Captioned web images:
┌────────
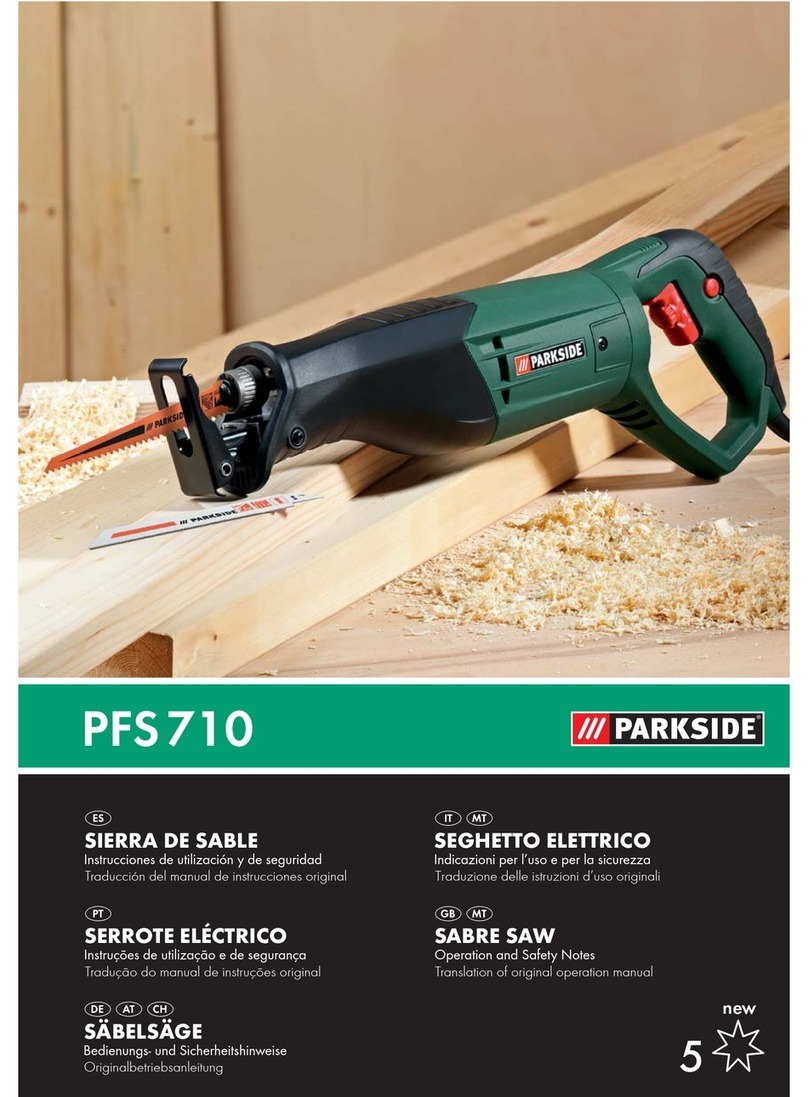 Parkside PFS 710 - MANUEL 5 Manuel utilisateur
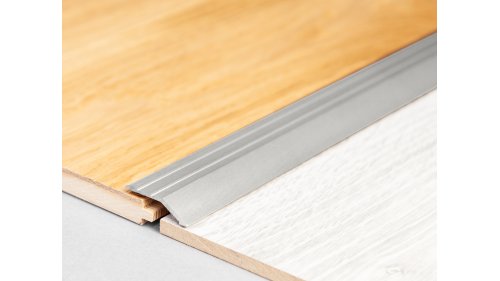 Ukončovací lišta samolepící Profilteam do 14 mm 41*2700 Inox E07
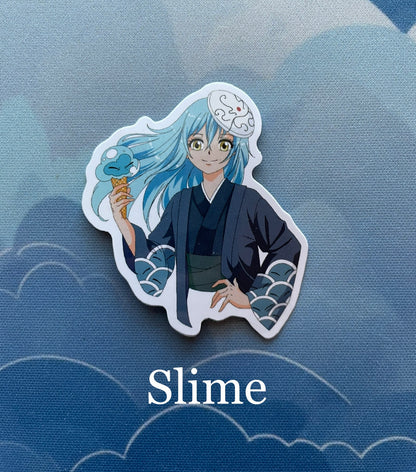 Slime Stickers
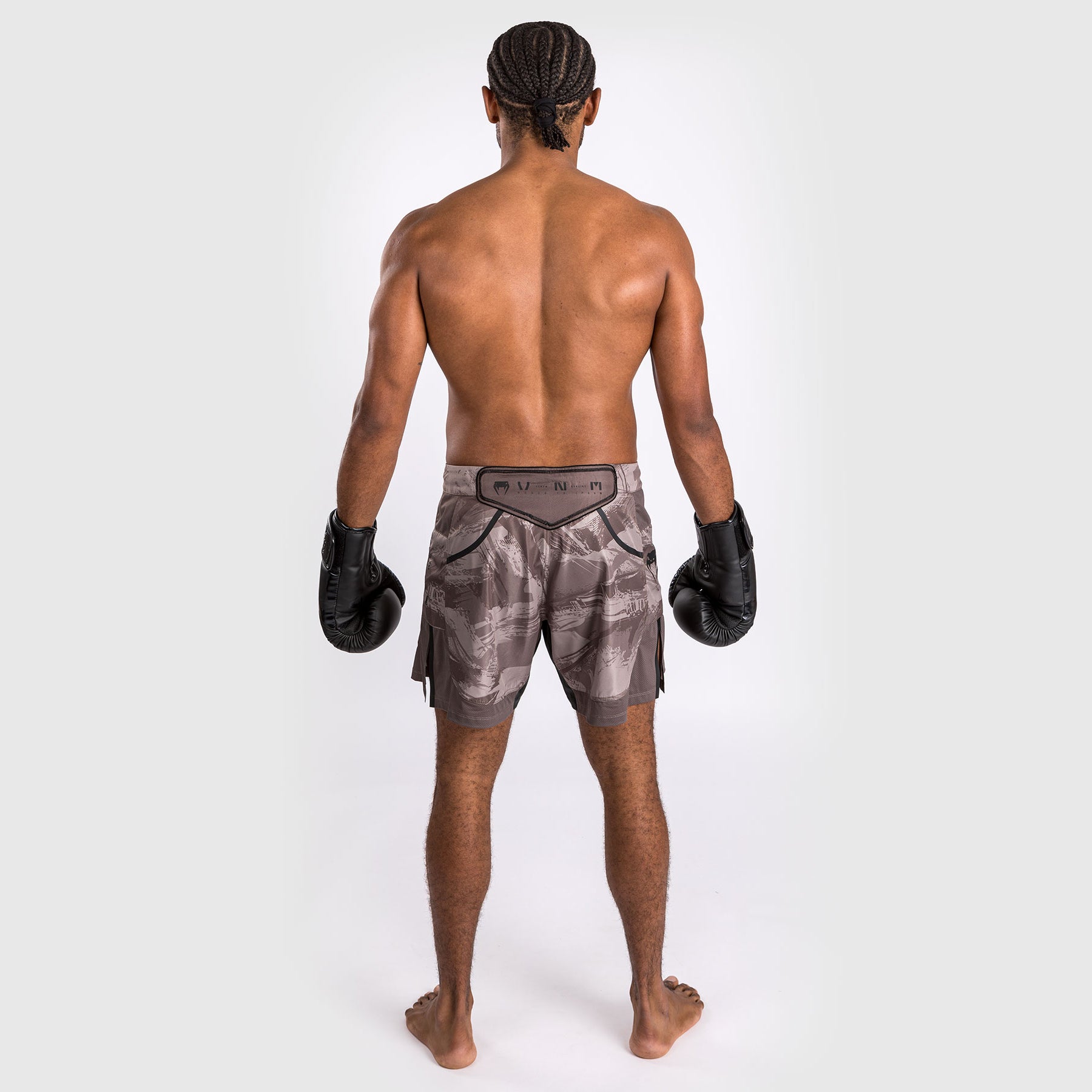 venum-electron-3-0-fight-shorts-herren-sand-beige image 2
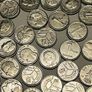 Belgian 1 Franc Coins. Bundle. 1990s. Around 150 in total Image 10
└────────
→ **What is required**
Return each of the lines exactly as they appear above, with no images.

→ **Response**
 Parkside PFS 710 - MANUEL 5 Manuel utilisateur
 Ukončovací lišta samolepící Profilteam do 14 mm 41*2700 Inox E07
 Slime Stickers
 venum-electron-3-0-fight-shorts-herren-sand-beige image 2
 Belgian 1 Franc Coins. Bundle. 1990s. Around 150 in total Image 10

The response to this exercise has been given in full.